Tuesday, July 1, 2014

Small Business Succession Planning Strategies

Small Business Succession Planning Strategies

Transferring Ownership to Financial Independence
Selling-Succession Methods versus Emotional Needs
Specific Emotional Challenges of Selling and Succession (Part 2 of 3)
 This month we’re looking at the emotional component of small business succession planning strategies. In other words, implementing a plan for transferring ownership to financial independence.  Financial independence means that we have income that does not require us to work.
I’m going to assume that you have not been putting money away all along while you’ve run your business because the majority of owners don’t.  Therefore, to get financial independence we either have to convert our business into liquid investable assets (selling) or we have to turn the business into something that can run without us but still provide us with income (succession).  Each of these paths has its own emotional issues.
When we’re selling, we are talking about a clean and clear break from our business.  This means totally revising how we live our lives.  No more going into the office.  No more meetings.  No more people problems.

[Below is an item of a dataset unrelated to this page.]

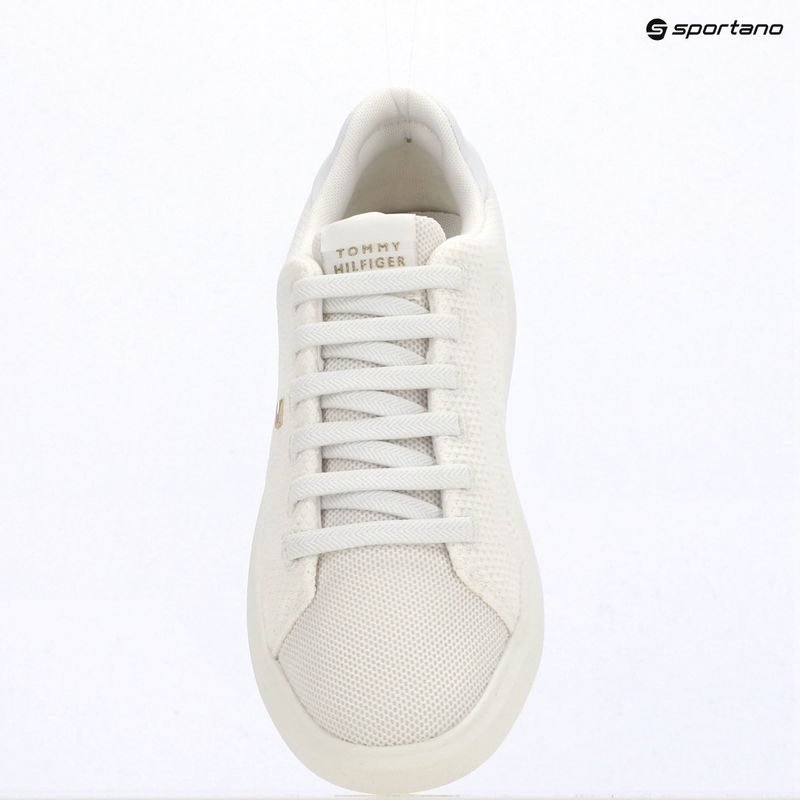 Încălțăminte pentru femei Tommy Hilfiger Icon Light Knit ecru 9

No more recognition of one’s place as a business owner.  No more being a member of a particular business community.  No more anything that has defined you as a person for the last 20, 30, or more years of your life.  That can be a truly scary prospect.
As the process of selling a business can be a very demanding, if you’ve not thought about what you will be doing in your next phase, you may very likely ‘kill the deal’ at the last moment as so many do.  You’ll do it even if the deal is a full and fair deal because you will be frightened to death of what you’re going to do with yourself for the rest of your life.
When we do succession, the problem is different because there isn’t a nice clean break.  Here the problem becomes one of us allowing ourselves to let go.  It’s definitely a more insidious emotional challenge.
In the sale, it is all or nothing.  In succession, you don’t have to do that.  You can still kind of be there.  You have every opportunity to meddle.  Your emotional ability to trust your successor management will be challenged because they will never do things exactly as you did.  Nothing derails a successor management team more than the owner coming in endlessly, changing the plan, questioning the decisions, and in general not giving the successors the authority promised.  Soon you’re back where you started because the managers leave or you let them go and you’re back running the company.